When a person increases his earnings by moving to the United States, or to Sweden, or to China for that matter he or she does so by creating more value than was possible in the previous context.
a policy regime that’s generous to wannabe migrants makes everyone much better off than a policy regime that keeps people trapped.
So if world GDP increases then ... then everyone is better off.
I am shocked to report that I am quoting Matthew Yglesias ?!?
I commented on his blog.
Freudian Slip ? When I read "The general point that needs to be kept in mind is that the *global* economic space is not zero-sum. " I thought you were making a point which you ignore.
If the US welcomes highly trained immigrants then less educated people in extremely poor countries, which invested scarce resourses in their training, will suffer. Your "global" perspective considers various people in the USA. It does not specifically consider the less skilled in the countries of origin of skilled migrants.
You do mention the world, but only when discussing world money-metric utility. The dollar value of work in the new country is greater than the dollar value of work in the old country so ... "everyone is better off."
I'd consider that underpants gnome welfare economics.
In no other context do you display complete total indifference to the distribution of income. In this post, you assert that if world GDP is increased, then everyone is better off. That is very interesting meta-ethical nonsense.

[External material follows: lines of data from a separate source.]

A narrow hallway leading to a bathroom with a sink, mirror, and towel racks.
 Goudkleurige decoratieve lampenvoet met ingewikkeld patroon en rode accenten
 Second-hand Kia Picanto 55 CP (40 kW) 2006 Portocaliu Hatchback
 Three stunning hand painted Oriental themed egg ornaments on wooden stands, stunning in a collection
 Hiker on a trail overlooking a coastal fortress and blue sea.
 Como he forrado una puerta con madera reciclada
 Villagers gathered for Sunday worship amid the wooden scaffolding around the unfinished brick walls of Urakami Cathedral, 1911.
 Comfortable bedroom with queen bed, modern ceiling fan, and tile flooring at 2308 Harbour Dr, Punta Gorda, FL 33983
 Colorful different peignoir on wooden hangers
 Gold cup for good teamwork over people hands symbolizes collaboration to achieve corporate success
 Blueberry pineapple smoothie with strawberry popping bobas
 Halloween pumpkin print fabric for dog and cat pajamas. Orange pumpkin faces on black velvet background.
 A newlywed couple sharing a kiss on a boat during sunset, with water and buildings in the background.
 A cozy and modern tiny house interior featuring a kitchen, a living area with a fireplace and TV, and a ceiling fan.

I see a real dilemma. People should be free to leave a country even if they are valuable to that country -- that is a core principle of liberalism -- that people belong to themselves and are not slaves of the collectivity. On the other hand, this can be very bad for utilitarian welfare -- the world sum of utils -- if it means a brain drain from human capital poor countries. I think this is one of many cases in which it is hard to be both a consequentialist and a liberal. I think the cognitive dissonance was enough to make you temporarily forget that world income is not world welfare and that income distribution matters -- no that's impossible -- to make you temporarily seek comfort from arguments which are based on that hidden assumption.
Yglesias seems to be using the usual trick of noting that a policy regime with free migration and lump sum transfers to those who lose from the migration and lump sum taxes on those who gain can make everyone better off. So it isn't that distribution doesn't matter, but that we can make the distribution whatever we want without deadweight losses, because, without making taxes conditional on any data (they are lump sum) we can set them just exactly right.
This idea is totally absurd. The implicit proposal -- that taxes be charged to people by name with no need to justify why one person pays more than another, is clearly unconstitutional (a bill of attainder). It is one of the tricks used by economists who don't give a damn about anyone but the very rich to con the masses.
It leeds immediately to the idea that the income tax rate should be zero as should the consumption tax rate. Yglesias knows it's a trick.
addendum more stuff not in the comment
Yglesias's conclusion was sloppily phrased. It should have been "for any policy regiem that keeps people trapped, there is a policy regime that’s generous to wannabe migrants makes everyone much better off." The claim as written is plainly false, since it means that any policy regime with free immigration (including the one which goes on to launch nuclear weapons on all the worlds largest cities) is better than any policy regime without. The rewritten claim is standard in the economics literature but it depends on a definition of "policy regime" which is not standard or consistent with the US constitution or basic principles of the rule of law. The regimes in question typically require absolute arbitrary power to take anything from anyone.